▶ _What to work on_
Write out all the data verbatim. Skip images.

▶ _Stored data_
--

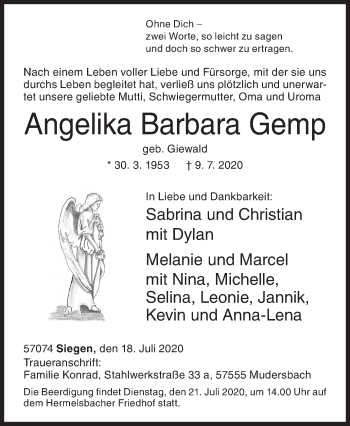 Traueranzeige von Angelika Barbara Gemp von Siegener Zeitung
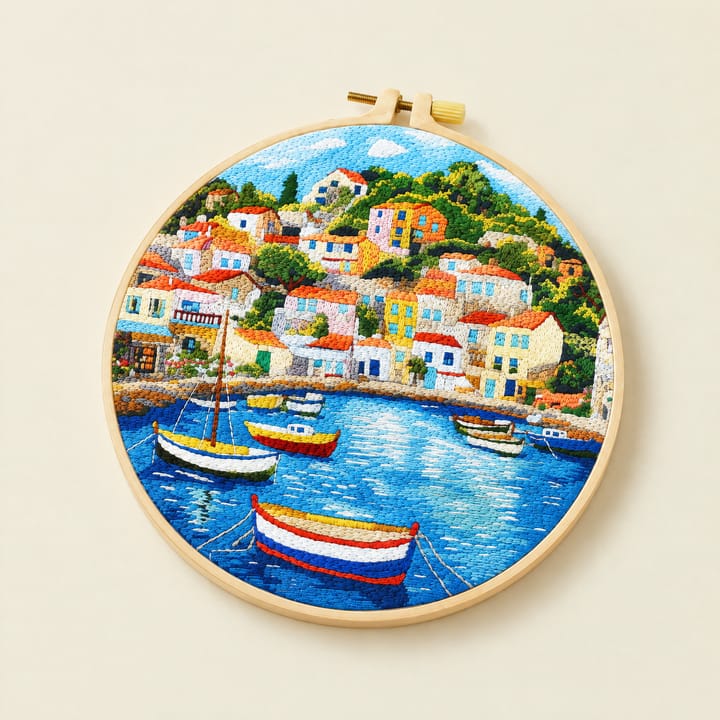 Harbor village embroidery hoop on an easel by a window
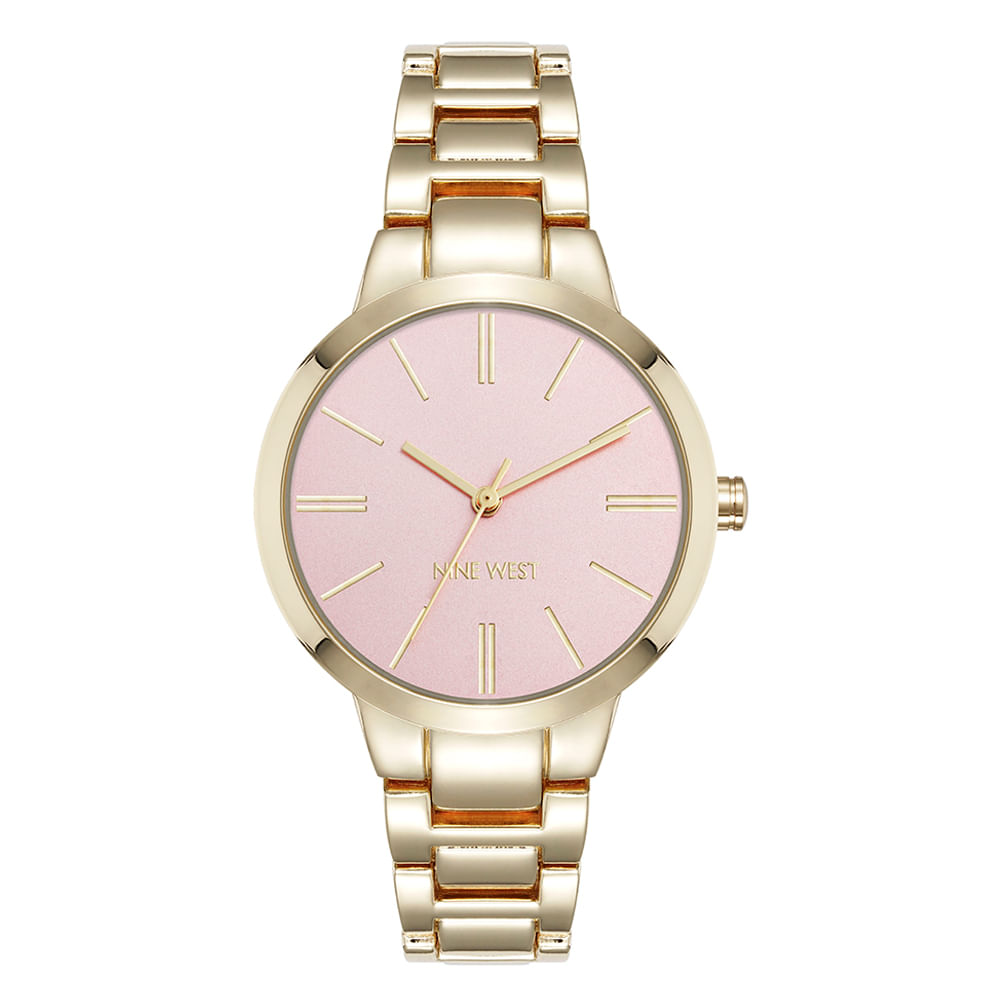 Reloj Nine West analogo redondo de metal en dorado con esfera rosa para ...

--

▶ _Response area_
 Traueranzeige von Angelika Barbara Gemp von Siegener Zeitung
 Harbor village embroidery hoop on an easel by a window
 Reloj Nine West analogo redondo de metal en dorado con esfera rosa para ...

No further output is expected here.